_Exercise instructions_
Repeat exactly the lines of the material below that run from the "Hello there everybody." line to the "The palace was completed" line, including both, and do not carry over any pictures.

___ Records provided ___

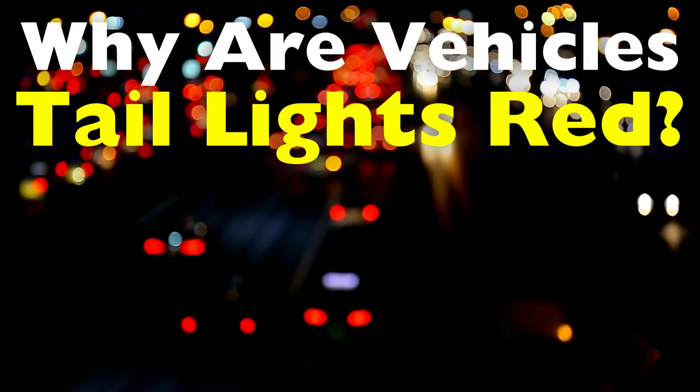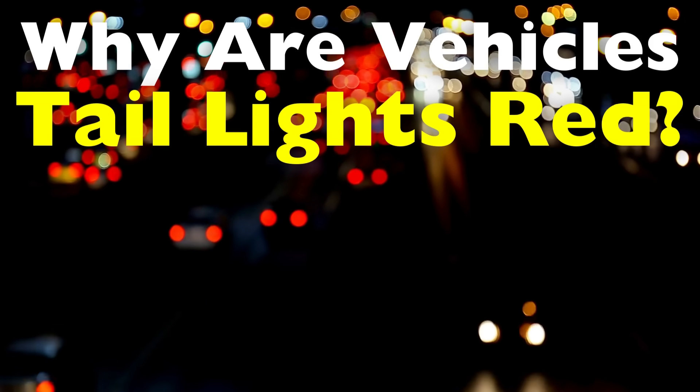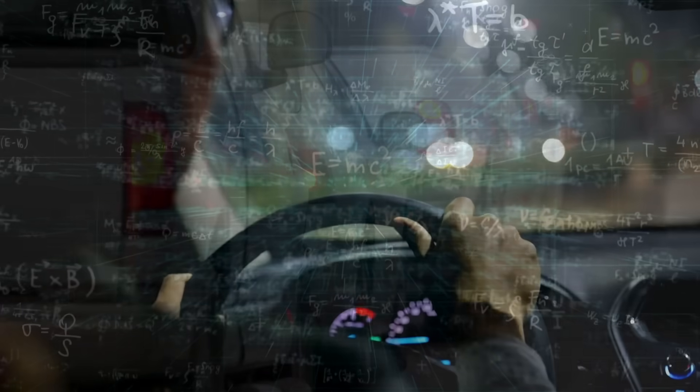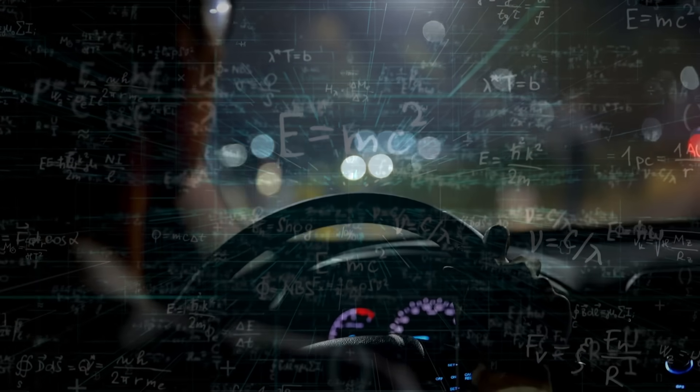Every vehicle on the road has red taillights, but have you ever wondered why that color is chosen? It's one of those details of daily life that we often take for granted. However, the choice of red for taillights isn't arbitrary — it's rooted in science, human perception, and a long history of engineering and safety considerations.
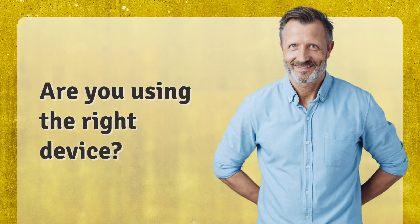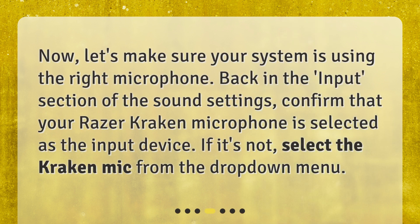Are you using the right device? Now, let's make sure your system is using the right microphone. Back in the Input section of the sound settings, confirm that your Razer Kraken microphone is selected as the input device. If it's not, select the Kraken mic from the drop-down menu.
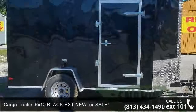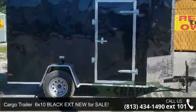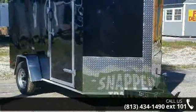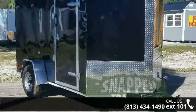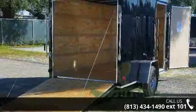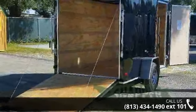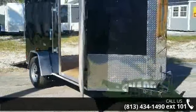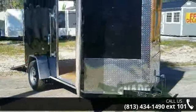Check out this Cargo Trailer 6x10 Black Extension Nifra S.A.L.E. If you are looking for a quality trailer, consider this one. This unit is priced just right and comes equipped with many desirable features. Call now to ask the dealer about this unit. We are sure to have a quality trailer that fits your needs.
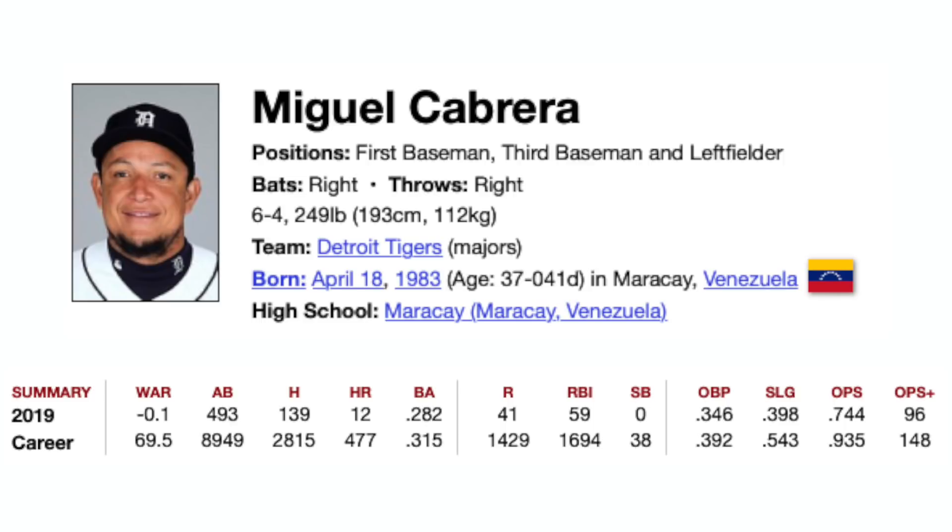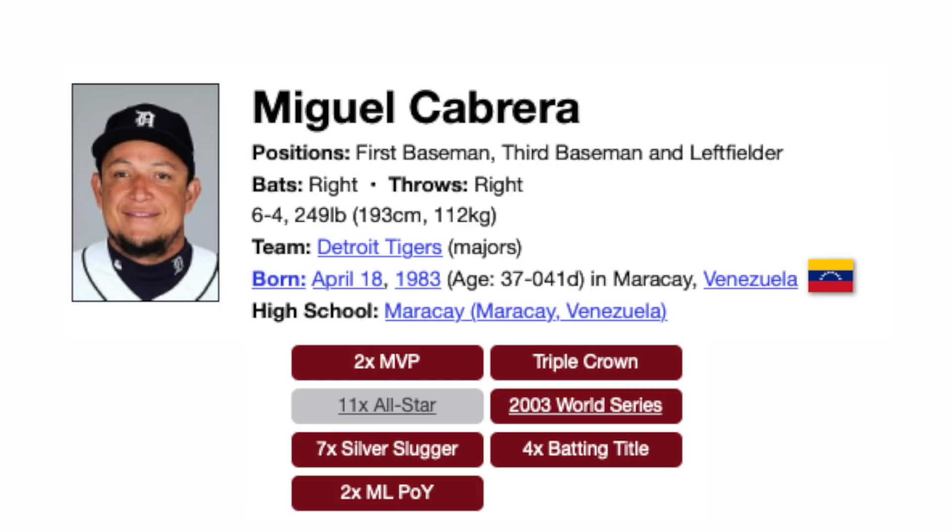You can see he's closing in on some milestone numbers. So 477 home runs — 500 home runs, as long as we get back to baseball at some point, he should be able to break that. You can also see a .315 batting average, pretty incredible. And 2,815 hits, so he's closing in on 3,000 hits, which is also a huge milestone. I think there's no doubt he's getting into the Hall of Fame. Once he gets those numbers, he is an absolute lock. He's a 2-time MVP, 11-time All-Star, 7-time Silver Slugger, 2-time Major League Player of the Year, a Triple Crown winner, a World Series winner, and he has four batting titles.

___
___ Records provided ___

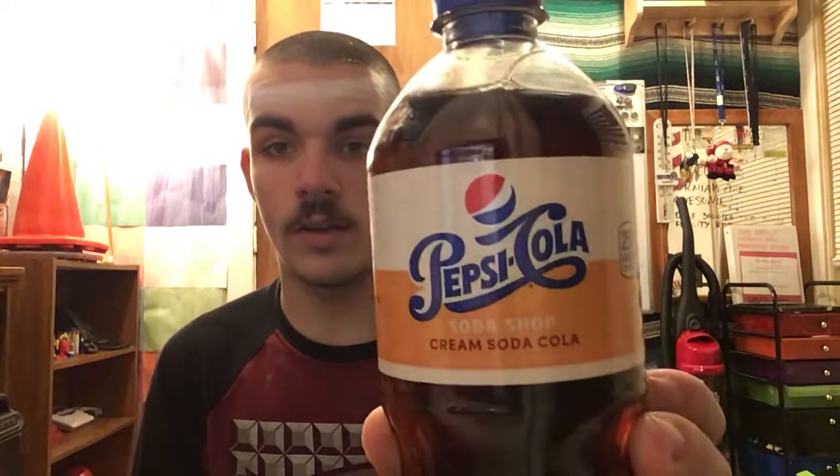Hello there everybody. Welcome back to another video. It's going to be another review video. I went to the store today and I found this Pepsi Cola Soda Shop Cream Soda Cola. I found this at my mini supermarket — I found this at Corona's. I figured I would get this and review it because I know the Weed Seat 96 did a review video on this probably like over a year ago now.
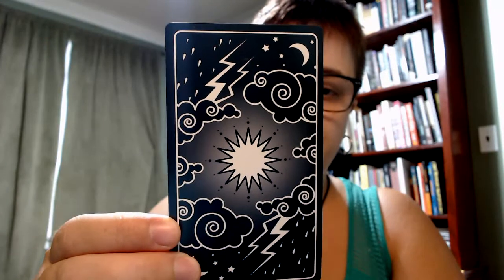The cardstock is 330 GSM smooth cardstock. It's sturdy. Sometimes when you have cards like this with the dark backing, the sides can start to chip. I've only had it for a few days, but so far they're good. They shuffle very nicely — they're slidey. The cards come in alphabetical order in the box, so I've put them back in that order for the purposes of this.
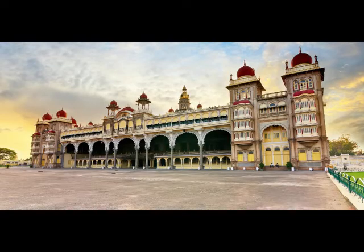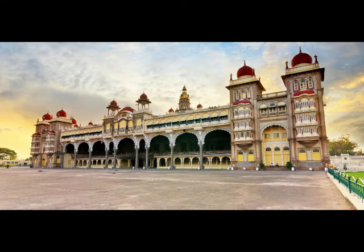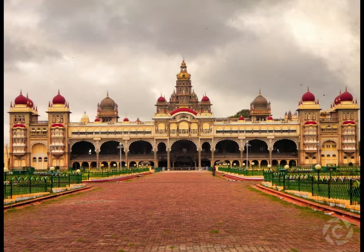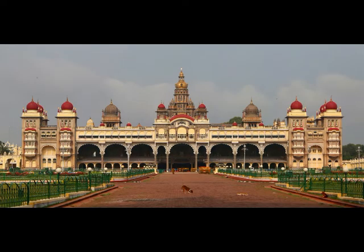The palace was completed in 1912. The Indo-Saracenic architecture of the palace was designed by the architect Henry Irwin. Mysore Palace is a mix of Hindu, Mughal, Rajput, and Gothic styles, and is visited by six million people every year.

___

_Response_
Hello there everybody. Welcome back to another video. It's going to be another review video. I went to the store today and I found this Pepsi Cola Soda Shop Cream Soda Cola. I found this at my mini supermarket — I found this at Corona's. I figured I would get this and review it because I know the Weed Seat 96 did a review video on this probably like over a year ago now.
The cardstock is 330 GSM smooth cardstock. It's sturdy. Sometimes when you have cards like this with the dark backing, the sides can start to chip. I've only had it for a few days, but so far they're good. They shuffle very nicely — they're slidey. The cards come in alphabetical order in the box, so I've put them back in that order for the purposes of this.
The palace was completed in 1912. The Indo-Saracenic architecture of the palace was designed by the architect Henry Irwin. Mysore Palace is a mix of Hindu, Mughal, Rajput, and Gothic styles, and is visited by six million people every year.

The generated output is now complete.